Page MenuHomePhabricator

IPInfo MediaWiki extension depends on presence of maxmind db in the container/host
Open, MediumPublicBUG REPORT

Event Timeline

Aklapper renamed this task from IPInfo MediaWiki extension : https://www.mediawiki.org/wiki/Extension:IPInfo depends on presence of maxmind db in the container/host to IPInfo MediaWiki extension depends on presence of maxmind db in the container/host.Aug 7 2021, 9:05 AM
Aklapper updated the task description. (Show Details)
wkandek triaged this task as Medium priority.Aug 7 2021, 5:12 PM
wkandek added a project: serviceops.

First, I think the solution picked depends on whether we expect other services or extensions to want to use this GeoIP information in the future. Is this just a one-off for IPInfo or will other services/extensions want this information too?

I am not sure whether it makes sense to have all of MediaWiki have access to the GeoIP databases, we could have a microservice wrapper around them that IPInfo calls out to.
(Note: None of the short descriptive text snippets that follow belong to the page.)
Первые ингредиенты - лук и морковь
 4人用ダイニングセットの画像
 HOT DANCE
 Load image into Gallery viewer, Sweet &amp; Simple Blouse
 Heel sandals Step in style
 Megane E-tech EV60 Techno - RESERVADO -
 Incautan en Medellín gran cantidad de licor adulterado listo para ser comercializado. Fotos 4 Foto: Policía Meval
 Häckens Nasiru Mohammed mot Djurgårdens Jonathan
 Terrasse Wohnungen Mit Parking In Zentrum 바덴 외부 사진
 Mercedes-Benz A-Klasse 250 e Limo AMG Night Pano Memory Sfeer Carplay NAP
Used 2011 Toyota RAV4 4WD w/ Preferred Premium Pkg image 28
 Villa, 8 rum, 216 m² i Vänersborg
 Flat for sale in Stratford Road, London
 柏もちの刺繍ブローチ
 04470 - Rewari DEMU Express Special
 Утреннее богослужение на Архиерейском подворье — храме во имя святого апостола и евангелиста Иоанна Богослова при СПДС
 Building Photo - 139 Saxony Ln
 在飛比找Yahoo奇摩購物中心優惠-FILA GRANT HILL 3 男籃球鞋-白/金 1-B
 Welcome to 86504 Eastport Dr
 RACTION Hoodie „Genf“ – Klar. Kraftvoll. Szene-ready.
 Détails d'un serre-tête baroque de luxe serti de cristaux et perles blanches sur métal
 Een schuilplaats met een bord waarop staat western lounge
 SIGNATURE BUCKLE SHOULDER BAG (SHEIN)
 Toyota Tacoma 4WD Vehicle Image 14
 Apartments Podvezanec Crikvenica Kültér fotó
I'm reminded of T59126, "...access to GeoIP look-ups has monetary, legal & performance implications" (performance isn't probably an issue here, that was mostly for client-side). I realize this is more technical work so I'm not strictly recommending that and plus the microservice would have the exact same problem of getting the database into a running container. So,

I think there are two main options around the problem of getting the database into a running k8s pod:

  1. Embed the database in the image. This is non-ideal because:
    • The databases are private and cannot be freely published. The image will need to be restricted/ (this is already taken care of for MediaWiki)
    • Any change to the database requires deploying the new image, which is currently a manual process, whereas currently GeoIP databases are updated automatically.
  2. Add the database to all k8s nodes and mount it into the pod. This is non-ideal because:
    • It introduces a dependency upon the host system.

Regarding 1 - a maxmind db change requires a new MediaWiki image and deployment. I believe the current frequency of MediaWiki deployments (multiple times a week) is good enough for the maxmind databases. The automated update of databases to the build system and the inclusion in the next image should be good enough.

I think that if we need to add the maxmind database (I'm not sure if we also need an extension), probably the best two options I can think of are:

  • Build the database in the restricted image This would likely mean we'd update the database every time there is a train release or we do an emergency release.
  • Provide the data as a ConfigMap in k8s This would mean we'd update the database with every deployment (so usually multiple times per day).

I do prefer the second option for multiple reasons:

  1. It will mean faster releases of updates to the database
  2. It will reduce the amount of stuff that we bake into the image and is thus harder to audit in production.
  3. Given the data is anyways injected by puppet it seems more natural to keep things in the right place.

As far as implementation goes, the best way to do this is probably to just deliver the geoip files on disk on deploy1002 and just read the files from the chart directly. The files will thus need to be readable to deployment users.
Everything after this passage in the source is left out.